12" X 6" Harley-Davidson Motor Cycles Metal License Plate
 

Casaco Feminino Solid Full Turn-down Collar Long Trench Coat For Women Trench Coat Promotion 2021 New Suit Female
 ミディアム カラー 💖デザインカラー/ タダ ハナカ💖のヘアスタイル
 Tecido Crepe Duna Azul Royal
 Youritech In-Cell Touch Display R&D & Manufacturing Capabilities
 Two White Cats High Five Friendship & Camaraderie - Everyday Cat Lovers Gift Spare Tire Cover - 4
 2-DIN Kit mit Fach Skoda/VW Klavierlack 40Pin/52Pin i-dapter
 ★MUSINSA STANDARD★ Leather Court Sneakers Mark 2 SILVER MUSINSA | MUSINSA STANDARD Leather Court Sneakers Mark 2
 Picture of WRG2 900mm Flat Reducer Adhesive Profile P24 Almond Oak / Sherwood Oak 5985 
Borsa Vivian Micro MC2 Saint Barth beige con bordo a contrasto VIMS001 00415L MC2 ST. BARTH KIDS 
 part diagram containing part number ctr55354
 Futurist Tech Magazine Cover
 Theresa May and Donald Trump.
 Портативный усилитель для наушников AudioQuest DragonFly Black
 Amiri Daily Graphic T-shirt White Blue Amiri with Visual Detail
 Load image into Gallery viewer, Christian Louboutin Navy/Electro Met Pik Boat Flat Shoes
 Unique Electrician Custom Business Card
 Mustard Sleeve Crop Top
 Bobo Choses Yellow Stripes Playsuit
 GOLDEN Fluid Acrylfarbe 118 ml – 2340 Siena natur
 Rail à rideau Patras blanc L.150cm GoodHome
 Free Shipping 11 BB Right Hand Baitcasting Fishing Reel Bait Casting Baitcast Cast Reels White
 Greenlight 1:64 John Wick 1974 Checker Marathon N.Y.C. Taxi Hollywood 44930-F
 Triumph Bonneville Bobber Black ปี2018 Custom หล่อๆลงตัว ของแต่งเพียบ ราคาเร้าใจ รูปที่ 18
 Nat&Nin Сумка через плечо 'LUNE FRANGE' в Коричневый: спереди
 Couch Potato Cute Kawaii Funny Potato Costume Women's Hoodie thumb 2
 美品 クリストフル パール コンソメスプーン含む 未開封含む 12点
===
Only the lines from the one containing "Bobo Choses Yellow Stripes Playsuit" through the final line of the material should be printed, each word for word. Both of those lines count.

 Bobo Choses Yellow Stripes Playsuit
 GOLDEN Fluid Acrylfarbe 118 ml – 2340 Siena natur
 Rail à rideau Patras blanc L.150cm GoodHome
 Free Shipping 11 BB Right Hand Baitcasting Fishing Reel Bait Casting Baitcast Cast Reels White
 Greenlight 1:64 John Wick 1974 Checker Marathon N.Y.C. Taxi Hollywood 44930-F
 Triumph Bonneville Bobber Black ปี2018 Custom หล่อๆลงตัว ของแต่งเพียบ ราคาเร้าใจ รูปที่ 18
 Nat&Nin Сумка через плечо 'LUNE FRANGE' в Коричневый: спереди
 Couch Potato Cute Kawaii Funny Potato Costume Women's Hoodie thumb 2
 美品 クリストフル パール コンソメスプーン含む 未開封含む 12点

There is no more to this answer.